**Exercise prompt**
Write the listing below again, word for word.
======== Available data ========
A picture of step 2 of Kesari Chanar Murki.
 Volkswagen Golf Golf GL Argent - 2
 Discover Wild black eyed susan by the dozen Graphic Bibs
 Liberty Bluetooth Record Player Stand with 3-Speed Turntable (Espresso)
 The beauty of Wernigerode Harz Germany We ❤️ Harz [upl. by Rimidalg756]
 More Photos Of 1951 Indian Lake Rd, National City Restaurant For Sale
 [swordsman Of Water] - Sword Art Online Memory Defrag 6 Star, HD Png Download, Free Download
========
**Written solution**
A picture of step 2 of Kesari Chanar Murki.
 Volkswagen Golf Golf GL Argent - 2
 Discover Wild black eyed susan by the dozen Graphic Bibs
 Liberty Bluetooth Record Player Stand with 3-Speed Turntable (Espresso)
 The beauty of Wernigerode Harz Germany We ❤️ Harz [upl. by Rimidalg756]
 More Photos Of 1951 Indian Lake Rd, National City Restaurant For Sale
 [swordsman Of Water] - Sword Art Online Memory Defrag 6 Star, HD Png Download, Free Download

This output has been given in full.